Error on a integral quantity with noise

Question

First of all sorry if this is the wrong place to ask this question, I went to a few stack sites and thought here it would be more suitable.

My problem:

I have a physical quantity $F$ that depends on $x$. At each $x$ I have an error $dF$ in the measurement of $F$. The quantity I want to measure is defined as an integral:

$$ M = \int\limits_{x_1}^{x_2} F(x)dx $$

I would like to be able to compute the error $dM$ in $M$.

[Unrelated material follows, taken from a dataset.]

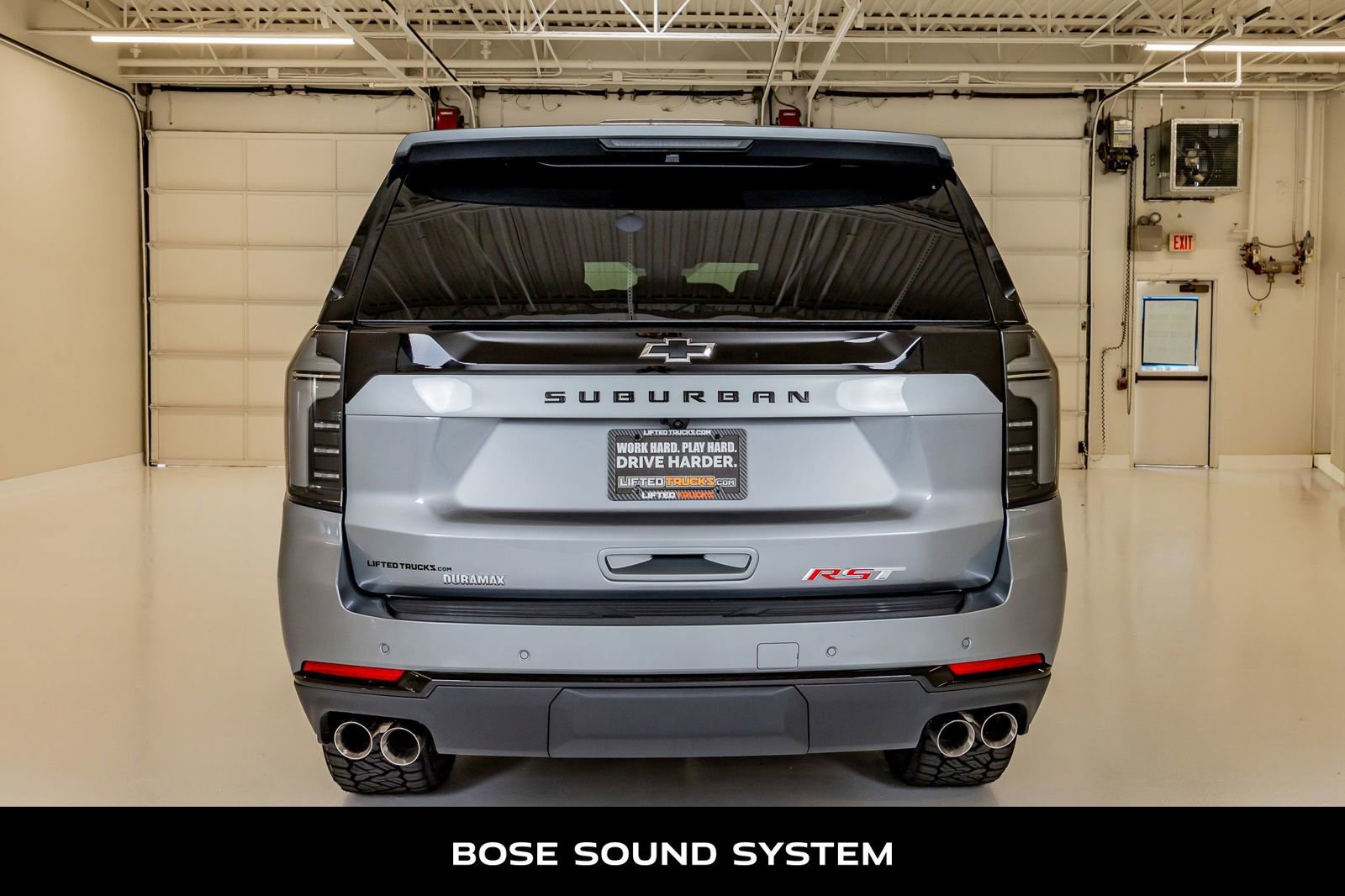 Used 2026 Chevrolet Suburban RST w/ RST Capability Package AWD/4WD image 8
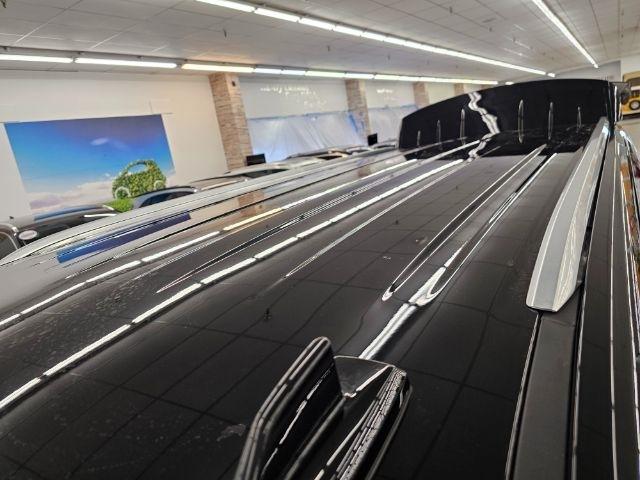 Chevrolet Suburban 4WD 4dr LT 2022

I was thinking about estimating the same integral replacing $F(x)$ by $F(x)+dF(x)$ for the upper error and $F(x)-dF(x)$ for the lower error but I would like to know if there is a better way to make this error estimation.

Answer 1

Assuming that you mean the following inequality in your prompt $$ |F_\mathrm{true}(x) - F(x)| \le |dF(x)| \qquad \forall x,$$ a simple bound for $dM$ is the following $$ dM \equiv | M_\mathrm{true} - M | = \left|\int_{x_1}^{x_2} F_\mathrm{true}(x) - F(x) dx\right| \le \int_{x_1}^{x_2} |dF(x)| dx. $$ This also assumes that $dF$ is absolute integrable.